猫も羽<わ>で数えましょう(旧「大塚ひかりのポポ手日記」since2004)

一切皆苦の人生、だましだまし生きてます。ネットでは、基本的にマイナスなこと、後ろ向きなことを書くスタンスですが、ごく稀にうっかり前向きなことを書いてしまう可能性もあります。

ハンチバック

ふだんは古典文学と漫画、ドキュメンタリー、必要に応じて研究書ばかりで、小説はよほどのことがなければ読まない(読む気にならない)私が、これはどうしても読みたいと思って注文。

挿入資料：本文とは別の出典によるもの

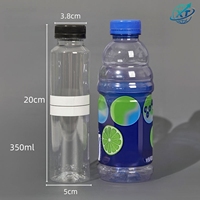 [60 pièces/boîte] Bouteilles de boisson jetables transparentes en PET de qualité alimentaire épaissies de 350 ml avec bouchon à vis pour thé au lait et jus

著者が作中でなるほどと思わせる批判を展開している「紙の本」の届くのを待って、きのうやっと届いたら、もう一気読み。

 

 

なんというか、古典文学や漫画並みに面白い。

ラストは一瞬よく分からなかったが、もう一度冒頭から読み返したら、ああっとなった。

このラストがなかったら、ずっと薄っぺらな物語になってしまったであろうというほど、このラストがあるからこそ、小説の余韻が半端ない。

 

届いた時、本の薄さを見て、これでこの値段と思ったが、そんなことはなかった。買って良かった。

 

 

 

しかし、こういう本よむと、やはり、その作者の置かれた環境と作品というのは、絶対切り離せないものなのだと痛感する。

作品と作者をあまり結びつけることに関しては、古典文学でも昔から批判のあったところだが、私は一貫して結びつけて考えてきた。

とくに『源氏物語』は、結びつけて考えざるを得ないところが多すぎるので。